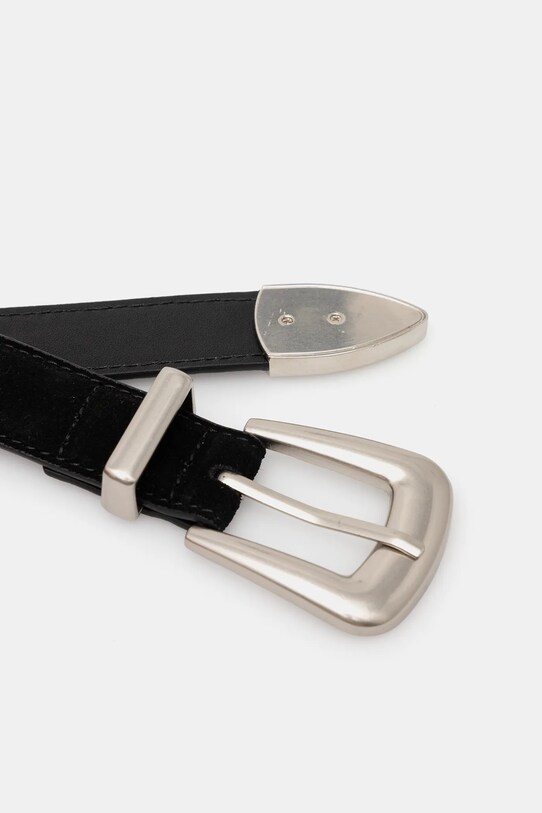 Answear Lab curea de piele 1385.cjk negru WW25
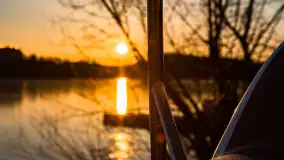 Zachód słońca nad jeziorem Tałty, końcówka lutego 2023 r. - zdjęcie 6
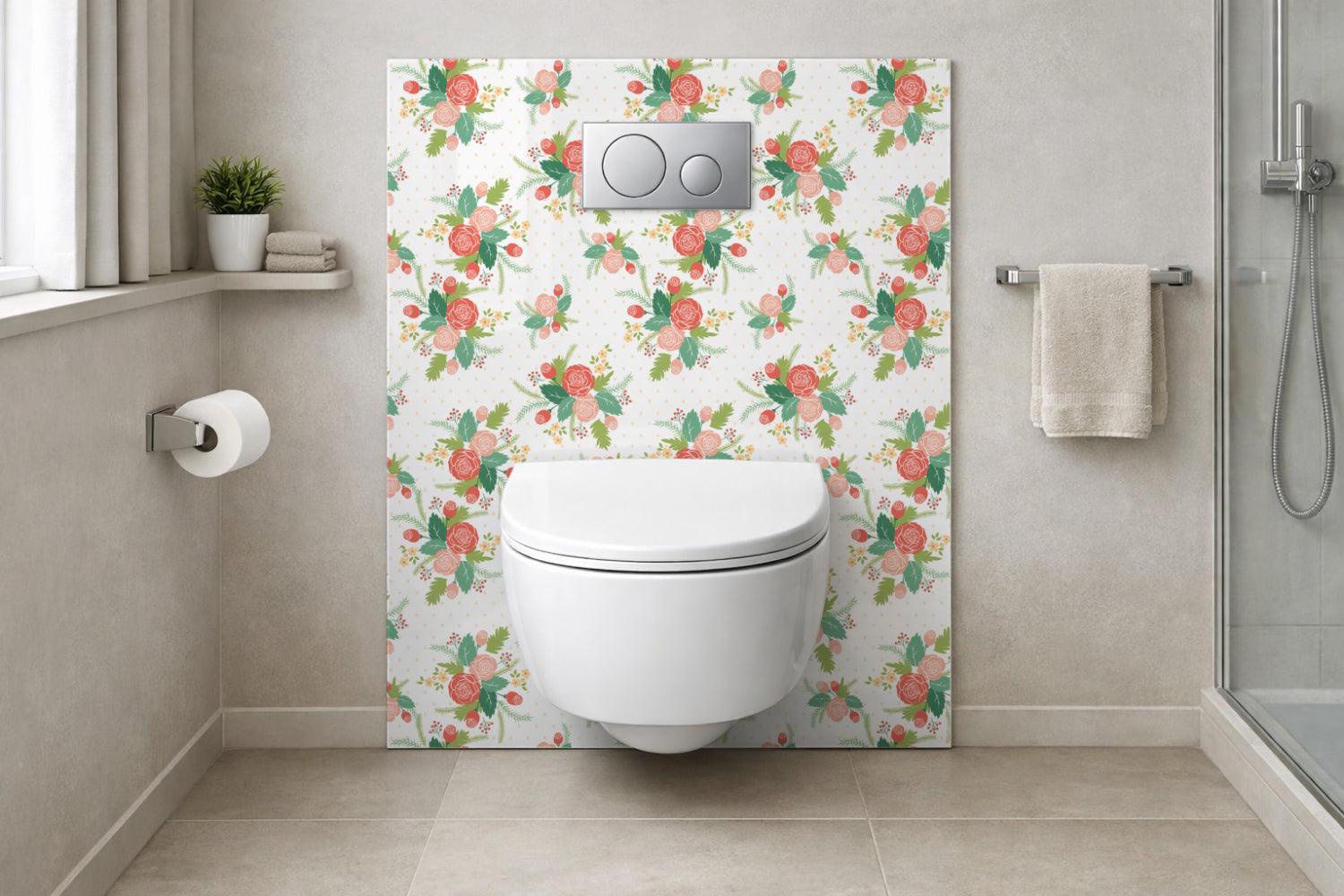 Toilettenrückwand Musteroptik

| Task requirements |
Each line of the data should be quoted exactly, with pictures left out.

| Exercise result |
 Answear Lab curea de piele 1385.cjk negru WW25
 Zachód słońca nad jeziorem Tałty, końcówka lutego 2023 r. - zdjęcie 6
 Toilettenrückwand Musteroptik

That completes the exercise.